### PROBLEM REQUIREMENTS
Needed from the data below: every line from the one with "black and pink jordan 7s" up to and including the one with "Booth under white", repeated exactly and with nothing else.

[[ DATASET RECORDS, beginning ]]

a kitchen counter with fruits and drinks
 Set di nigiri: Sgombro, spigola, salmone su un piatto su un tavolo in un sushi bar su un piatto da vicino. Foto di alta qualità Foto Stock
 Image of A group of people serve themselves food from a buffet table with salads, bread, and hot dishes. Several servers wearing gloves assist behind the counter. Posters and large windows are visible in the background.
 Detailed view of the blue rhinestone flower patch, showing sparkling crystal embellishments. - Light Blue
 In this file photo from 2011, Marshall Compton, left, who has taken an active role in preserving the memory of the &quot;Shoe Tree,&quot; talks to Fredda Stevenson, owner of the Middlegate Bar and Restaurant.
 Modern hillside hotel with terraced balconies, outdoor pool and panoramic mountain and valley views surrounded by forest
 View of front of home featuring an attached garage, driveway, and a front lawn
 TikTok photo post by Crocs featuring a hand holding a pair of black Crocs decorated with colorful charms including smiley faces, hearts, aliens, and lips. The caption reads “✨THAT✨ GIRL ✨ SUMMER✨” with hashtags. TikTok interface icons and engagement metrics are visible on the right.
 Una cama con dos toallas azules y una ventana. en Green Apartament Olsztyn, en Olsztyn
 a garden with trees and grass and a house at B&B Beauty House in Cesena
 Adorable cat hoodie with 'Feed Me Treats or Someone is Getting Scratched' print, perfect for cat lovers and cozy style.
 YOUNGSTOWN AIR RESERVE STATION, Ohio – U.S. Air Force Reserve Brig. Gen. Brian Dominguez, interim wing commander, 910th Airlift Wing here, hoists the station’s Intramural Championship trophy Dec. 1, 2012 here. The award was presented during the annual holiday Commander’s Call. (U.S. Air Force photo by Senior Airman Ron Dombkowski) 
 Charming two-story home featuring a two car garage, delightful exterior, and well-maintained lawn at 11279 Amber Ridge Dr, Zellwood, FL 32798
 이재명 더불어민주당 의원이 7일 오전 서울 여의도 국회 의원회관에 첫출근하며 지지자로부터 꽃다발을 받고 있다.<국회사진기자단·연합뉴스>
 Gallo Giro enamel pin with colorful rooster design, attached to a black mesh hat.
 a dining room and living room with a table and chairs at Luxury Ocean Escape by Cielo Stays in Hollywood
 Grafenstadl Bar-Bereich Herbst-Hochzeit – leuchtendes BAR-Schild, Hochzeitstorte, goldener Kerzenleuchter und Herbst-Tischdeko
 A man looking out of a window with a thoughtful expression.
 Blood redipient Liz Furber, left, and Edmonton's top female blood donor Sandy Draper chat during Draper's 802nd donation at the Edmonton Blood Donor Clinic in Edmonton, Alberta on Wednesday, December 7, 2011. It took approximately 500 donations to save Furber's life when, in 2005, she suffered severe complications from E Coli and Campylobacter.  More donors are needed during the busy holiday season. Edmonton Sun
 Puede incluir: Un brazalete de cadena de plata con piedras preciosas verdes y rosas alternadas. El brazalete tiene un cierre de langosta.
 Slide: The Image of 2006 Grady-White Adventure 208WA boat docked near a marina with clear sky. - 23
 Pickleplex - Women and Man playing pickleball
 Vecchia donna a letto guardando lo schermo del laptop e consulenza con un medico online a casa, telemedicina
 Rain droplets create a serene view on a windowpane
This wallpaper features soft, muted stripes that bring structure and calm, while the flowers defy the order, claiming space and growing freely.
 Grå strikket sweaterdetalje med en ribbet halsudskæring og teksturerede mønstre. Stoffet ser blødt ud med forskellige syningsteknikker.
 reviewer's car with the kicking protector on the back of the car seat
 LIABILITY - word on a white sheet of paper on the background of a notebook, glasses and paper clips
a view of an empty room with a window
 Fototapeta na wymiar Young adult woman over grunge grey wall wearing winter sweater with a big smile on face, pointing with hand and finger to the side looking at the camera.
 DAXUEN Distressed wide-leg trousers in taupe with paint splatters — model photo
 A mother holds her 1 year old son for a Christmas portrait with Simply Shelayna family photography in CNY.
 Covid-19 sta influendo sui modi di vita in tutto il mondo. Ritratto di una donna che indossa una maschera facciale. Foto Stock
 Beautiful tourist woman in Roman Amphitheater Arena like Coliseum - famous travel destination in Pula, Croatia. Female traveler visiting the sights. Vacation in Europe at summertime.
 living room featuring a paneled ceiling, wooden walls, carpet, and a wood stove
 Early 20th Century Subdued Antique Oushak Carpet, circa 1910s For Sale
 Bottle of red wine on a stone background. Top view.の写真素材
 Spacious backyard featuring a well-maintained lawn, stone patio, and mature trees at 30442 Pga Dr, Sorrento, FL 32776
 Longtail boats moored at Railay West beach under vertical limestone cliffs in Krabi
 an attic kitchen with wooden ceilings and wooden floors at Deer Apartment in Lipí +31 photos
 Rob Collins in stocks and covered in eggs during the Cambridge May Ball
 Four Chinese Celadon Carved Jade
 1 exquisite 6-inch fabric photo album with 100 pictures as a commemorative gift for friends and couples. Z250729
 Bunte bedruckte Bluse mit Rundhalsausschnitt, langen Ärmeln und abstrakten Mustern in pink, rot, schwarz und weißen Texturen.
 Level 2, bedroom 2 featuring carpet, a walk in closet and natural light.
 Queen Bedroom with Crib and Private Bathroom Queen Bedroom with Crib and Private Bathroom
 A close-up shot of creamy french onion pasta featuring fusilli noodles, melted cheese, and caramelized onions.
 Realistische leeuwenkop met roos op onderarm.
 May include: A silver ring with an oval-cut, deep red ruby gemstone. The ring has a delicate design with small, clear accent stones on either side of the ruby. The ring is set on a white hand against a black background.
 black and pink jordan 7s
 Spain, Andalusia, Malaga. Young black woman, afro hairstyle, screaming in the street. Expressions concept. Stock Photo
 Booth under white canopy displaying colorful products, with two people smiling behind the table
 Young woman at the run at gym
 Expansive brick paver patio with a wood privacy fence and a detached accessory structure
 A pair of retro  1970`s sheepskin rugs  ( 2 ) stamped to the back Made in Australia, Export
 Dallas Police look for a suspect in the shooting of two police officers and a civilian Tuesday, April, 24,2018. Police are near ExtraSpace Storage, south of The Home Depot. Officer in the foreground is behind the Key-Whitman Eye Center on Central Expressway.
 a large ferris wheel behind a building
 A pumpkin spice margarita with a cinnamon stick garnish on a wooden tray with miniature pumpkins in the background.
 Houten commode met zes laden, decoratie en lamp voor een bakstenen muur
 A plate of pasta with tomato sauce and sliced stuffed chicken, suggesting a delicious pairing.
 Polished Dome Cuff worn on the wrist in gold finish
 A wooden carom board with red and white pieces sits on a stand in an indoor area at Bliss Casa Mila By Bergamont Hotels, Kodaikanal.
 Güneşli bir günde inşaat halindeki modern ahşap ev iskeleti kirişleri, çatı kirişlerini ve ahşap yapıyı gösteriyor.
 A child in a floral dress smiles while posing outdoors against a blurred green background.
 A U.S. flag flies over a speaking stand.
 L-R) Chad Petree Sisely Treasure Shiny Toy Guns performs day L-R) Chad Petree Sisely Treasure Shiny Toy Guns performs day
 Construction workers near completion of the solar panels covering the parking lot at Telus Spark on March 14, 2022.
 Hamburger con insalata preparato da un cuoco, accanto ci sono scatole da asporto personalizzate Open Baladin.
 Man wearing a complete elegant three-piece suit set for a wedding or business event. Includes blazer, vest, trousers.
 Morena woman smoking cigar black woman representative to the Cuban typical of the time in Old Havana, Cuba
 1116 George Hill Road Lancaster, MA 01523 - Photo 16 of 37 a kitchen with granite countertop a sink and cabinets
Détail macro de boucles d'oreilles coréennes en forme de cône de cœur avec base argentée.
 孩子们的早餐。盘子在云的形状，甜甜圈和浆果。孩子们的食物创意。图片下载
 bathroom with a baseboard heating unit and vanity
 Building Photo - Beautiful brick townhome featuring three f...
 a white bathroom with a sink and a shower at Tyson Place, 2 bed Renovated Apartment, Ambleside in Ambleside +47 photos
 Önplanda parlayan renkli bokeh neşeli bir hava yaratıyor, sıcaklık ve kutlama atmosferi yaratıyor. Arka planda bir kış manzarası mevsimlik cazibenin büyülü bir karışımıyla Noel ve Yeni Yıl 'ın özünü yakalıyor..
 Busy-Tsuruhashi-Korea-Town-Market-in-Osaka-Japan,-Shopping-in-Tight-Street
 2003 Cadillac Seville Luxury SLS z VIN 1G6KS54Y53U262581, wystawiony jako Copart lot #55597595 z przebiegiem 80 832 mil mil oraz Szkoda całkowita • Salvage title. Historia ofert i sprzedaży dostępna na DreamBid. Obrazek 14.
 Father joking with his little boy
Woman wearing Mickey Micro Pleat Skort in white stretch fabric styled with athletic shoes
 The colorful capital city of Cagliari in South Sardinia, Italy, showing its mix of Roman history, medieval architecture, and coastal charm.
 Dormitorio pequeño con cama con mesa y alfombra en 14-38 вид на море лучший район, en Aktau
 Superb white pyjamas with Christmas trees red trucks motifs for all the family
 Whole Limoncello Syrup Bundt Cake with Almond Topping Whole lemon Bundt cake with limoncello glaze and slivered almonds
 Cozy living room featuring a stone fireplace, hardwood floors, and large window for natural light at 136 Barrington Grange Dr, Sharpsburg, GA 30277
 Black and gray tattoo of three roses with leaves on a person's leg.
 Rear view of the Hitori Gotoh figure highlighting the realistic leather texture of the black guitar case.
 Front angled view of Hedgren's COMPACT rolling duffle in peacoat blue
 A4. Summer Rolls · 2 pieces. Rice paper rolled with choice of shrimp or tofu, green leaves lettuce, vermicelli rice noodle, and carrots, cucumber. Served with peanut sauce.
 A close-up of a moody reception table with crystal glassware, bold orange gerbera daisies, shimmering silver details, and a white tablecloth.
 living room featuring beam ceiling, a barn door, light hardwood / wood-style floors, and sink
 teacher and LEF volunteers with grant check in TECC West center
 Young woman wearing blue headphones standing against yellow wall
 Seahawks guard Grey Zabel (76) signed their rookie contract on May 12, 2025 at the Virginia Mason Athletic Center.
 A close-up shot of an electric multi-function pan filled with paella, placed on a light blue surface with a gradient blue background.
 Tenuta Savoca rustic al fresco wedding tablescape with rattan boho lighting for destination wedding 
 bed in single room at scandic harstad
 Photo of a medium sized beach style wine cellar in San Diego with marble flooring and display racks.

[[ DATASET RECORDS, end ]]

### RESPONSE BOX
 black and pink jordan 7s
 Spain, Andalusia, Malaga. Young black woman, afro hairstyle, screaming in the street. Expressions concept. Stock Photo
 Booth under white canopy displaying colorful products, with two people smiling behind the table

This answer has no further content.